IFF is an acronym for "Identification Friend <or> Foe", any system which attempts to determine whether an unknown contact is allied or enemy. While uniforms, badges, and "wear a white rag around your left shoulder" are all common ways to identify someone as a friendly or enemy soldier and they all meet the practical meaning of IFF, the acronym is usually used to mean an electronic system.
IFF systems are usually an add-on to a radar or other sensor system. A curious unit (ship, aircraft, etc) will have its sensor systems send a special code out. Friendly units should have their own sensor systems set to automatically reply with their own coded message. Naturally, an astute enemy will do its best to mimic these codes in order to be mistaken as friendly. If the curious unit recognizes the reply code, it may identify the replying unit as friendly, still unidentified, or even "Bogey is using yesterday's code, probably an enemy".
Depending upon tactical needs, these codes may be standard, changed daily, or even have the current time encoded into them so that there is no need to constantly change the codes to remain valid.
During the Swarm War, Confederacy AIs were able to determine the identity of any unknown force long before hostilities began. Because of this capability, automated IFF systems were only needed when there were no AIs available. Generally, this meant that the curious unit was a self-contained automated munition of some sort (missile, mine, torpedo, etc) which had to make immediate combat decisions about what to attack without access to an AI. Since the Sa'arm did not use electronic sensors or communication systems, all Confederacy automated munitions sent out IFF interrogation pulses whenever they encountered a new contact, and all Confederacy units from individual battle armor suits up to the largest warships automatically replied to those IFF pulses with their own identification codes.

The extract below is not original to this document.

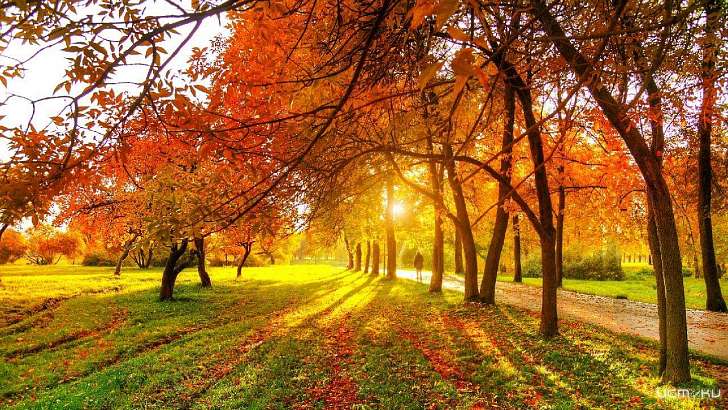 Аномальный октябрь: сегодня в Орле снова до +20 °C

The Sa'arm did occasionally capture a Confederacy asset (ship, combat vehicle, etc). If the electronic systems were still operating, the captured asset would reply to an IFF pulse but if an AI was available it would tell the Confederacy forces that the asset had been captured and was no longer part of the Confederacy. If no AI was available, a curious missile would accept the captured unit as friendly and ignore it.